### What the task asks:
Starting at the first line of the entries below, output every line exactly, up to and including the line with "TOVAGLIETTA FOGLIE –".

### Record extracts:

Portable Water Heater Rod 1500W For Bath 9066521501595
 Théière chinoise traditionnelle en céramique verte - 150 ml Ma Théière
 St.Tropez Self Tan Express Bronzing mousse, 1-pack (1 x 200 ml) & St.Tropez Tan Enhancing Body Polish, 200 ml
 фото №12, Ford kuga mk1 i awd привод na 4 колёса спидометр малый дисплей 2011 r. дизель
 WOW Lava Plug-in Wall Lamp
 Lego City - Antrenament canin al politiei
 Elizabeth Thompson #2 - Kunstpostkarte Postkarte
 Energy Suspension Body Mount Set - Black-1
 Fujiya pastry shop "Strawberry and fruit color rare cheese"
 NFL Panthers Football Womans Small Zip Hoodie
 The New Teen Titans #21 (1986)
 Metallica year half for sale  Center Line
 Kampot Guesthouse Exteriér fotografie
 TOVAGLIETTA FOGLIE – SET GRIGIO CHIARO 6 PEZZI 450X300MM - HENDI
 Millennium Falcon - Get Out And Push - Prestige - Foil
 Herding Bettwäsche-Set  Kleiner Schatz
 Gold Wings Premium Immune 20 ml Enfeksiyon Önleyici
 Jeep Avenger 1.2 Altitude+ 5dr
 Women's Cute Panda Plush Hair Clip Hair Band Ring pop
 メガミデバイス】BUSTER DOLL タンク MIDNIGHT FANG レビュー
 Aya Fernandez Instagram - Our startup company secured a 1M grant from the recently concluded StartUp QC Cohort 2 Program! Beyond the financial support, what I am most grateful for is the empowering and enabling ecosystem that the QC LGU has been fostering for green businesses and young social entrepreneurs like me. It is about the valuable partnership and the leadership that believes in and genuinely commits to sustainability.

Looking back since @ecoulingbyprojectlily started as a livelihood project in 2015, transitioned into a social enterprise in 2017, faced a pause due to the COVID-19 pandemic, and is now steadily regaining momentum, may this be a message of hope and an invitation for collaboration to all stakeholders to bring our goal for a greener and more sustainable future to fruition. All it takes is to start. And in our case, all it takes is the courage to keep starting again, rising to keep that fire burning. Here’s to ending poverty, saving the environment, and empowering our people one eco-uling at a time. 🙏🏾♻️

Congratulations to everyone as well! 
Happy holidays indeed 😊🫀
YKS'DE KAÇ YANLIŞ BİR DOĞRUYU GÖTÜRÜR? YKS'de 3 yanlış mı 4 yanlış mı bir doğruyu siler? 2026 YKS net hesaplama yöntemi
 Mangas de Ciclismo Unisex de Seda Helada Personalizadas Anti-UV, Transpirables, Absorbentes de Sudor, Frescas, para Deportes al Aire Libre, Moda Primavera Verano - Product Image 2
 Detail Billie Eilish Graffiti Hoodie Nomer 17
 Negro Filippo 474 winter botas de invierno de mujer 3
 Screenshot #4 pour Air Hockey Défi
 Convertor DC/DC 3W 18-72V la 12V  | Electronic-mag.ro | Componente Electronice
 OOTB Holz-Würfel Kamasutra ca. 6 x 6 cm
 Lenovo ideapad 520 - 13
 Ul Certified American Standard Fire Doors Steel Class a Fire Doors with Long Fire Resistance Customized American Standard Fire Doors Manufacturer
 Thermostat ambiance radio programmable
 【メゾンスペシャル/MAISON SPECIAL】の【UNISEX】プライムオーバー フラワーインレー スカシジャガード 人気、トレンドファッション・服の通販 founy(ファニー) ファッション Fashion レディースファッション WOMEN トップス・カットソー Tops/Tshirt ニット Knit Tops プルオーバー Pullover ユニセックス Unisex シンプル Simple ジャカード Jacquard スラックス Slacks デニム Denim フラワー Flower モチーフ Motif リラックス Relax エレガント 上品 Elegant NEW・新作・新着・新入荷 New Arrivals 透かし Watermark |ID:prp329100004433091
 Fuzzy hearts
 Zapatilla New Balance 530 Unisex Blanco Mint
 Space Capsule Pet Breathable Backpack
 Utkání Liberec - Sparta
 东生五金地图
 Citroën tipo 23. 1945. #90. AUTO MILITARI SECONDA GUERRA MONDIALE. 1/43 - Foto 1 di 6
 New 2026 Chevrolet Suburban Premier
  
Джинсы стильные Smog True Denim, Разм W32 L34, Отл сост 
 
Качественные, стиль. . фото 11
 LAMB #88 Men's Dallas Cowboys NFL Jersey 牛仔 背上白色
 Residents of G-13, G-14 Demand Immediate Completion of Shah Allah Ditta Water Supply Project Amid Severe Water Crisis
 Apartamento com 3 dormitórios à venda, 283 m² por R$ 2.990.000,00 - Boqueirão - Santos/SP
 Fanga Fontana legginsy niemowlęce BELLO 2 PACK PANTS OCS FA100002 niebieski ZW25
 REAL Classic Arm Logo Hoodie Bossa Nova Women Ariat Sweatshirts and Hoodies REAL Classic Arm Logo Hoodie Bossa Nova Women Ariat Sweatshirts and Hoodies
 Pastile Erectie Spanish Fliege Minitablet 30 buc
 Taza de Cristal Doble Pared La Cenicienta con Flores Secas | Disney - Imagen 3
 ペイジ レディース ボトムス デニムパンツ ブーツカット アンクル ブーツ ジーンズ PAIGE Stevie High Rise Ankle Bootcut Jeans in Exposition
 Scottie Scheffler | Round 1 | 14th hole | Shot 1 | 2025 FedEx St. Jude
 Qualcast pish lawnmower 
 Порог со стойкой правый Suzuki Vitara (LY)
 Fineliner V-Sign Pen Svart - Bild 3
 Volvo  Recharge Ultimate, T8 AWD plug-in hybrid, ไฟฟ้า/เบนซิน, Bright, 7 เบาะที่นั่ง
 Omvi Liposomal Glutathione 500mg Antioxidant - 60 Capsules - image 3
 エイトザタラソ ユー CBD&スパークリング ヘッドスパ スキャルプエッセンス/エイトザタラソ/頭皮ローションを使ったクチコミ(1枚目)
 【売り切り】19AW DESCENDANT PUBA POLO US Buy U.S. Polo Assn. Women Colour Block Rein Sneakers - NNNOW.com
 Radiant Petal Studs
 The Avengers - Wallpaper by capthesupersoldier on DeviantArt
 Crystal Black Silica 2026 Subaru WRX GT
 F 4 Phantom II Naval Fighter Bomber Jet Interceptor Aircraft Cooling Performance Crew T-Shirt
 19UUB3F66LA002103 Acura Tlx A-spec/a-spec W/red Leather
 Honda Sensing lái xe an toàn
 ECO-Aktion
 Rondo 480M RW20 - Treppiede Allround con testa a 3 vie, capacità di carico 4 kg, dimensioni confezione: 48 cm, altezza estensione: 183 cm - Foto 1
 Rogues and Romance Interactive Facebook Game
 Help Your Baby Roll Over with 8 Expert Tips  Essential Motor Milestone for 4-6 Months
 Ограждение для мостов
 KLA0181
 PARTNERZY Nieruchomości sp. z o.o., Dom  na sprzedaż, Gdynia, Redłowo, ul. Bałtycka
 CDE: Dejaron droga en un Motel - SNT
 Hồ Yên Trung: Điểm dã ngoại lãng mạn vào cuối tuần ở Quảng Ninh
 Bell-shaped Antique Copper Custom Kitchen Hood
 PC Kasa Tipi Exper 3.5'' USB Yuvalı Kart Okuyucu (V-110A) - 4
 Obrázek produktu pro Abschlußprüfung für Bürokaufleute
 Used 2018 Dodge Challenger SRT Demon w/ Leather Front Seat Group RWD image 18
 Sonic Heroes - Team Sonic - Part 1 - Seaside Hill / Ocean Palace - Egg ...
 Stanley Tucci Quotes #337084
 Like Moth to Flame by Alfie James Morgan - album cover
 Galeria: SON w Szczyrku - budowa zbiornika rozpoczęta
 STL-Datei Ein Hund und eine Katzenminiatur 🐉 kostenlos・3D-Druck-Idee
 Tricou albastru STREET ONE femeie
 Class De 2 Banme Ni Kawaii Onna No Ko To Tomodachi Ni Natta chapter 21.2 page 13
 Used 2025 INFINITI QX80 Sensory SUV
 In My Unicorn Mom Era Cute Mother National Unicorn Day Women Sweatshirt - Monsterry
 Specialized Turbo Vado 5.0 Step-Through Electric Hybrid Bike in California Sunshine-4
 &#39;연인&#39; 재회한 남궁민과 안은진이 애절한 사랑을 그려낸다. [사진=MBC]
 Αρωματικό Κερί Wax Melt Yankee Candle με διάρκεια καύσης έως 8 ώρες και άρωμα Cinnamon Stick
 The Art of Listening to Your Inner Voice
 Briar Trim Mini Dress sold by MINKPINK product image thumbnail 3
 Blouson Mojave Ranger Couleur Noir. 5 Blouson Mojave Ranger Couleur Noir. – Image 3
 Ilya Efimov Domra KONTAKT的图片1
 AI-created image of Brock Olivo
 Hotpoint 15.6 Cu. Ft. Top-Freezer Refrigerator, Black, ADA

### Exercise result:
Portable Water Heater Rod 1500W For Bath 9066521501595
 Théière chinoise traditionnelle en céramique verte - 150 ml Ma Théière
 St.Tropez Self Tan Express Bronzing mousse, 1-pack (1 x 200 ml) & St.Tropez Tan Enhancing Body Polish, 200 ml
 фото №12, Ford kuga mk1 i awd привод na 4 колёса спидометр малый дисплей 2011 r. дизель
 WOW Lava Plug-in Wall Lamp
 Lego City - Antrenament canin al politiei
 Elizabeth Thompson #2 - Kunstpostkarte Postkarte
 Energy Suspension Body Mount Set - Black-1
 Fujiya pastry shop "Strawberry and fruit color rare cheese"
 NFL Panthers Football Womans Small Zip Hoodie
 The New Teen Titans #21 (1986)
 Metallica year half for sale  Center Line
 Kampot Guesthouse Exteriér fotografie
 TOVAGLIETTA FOGLIE – SET GRIGIO CHIARO 6 PEZZI 450X300MM - HENDI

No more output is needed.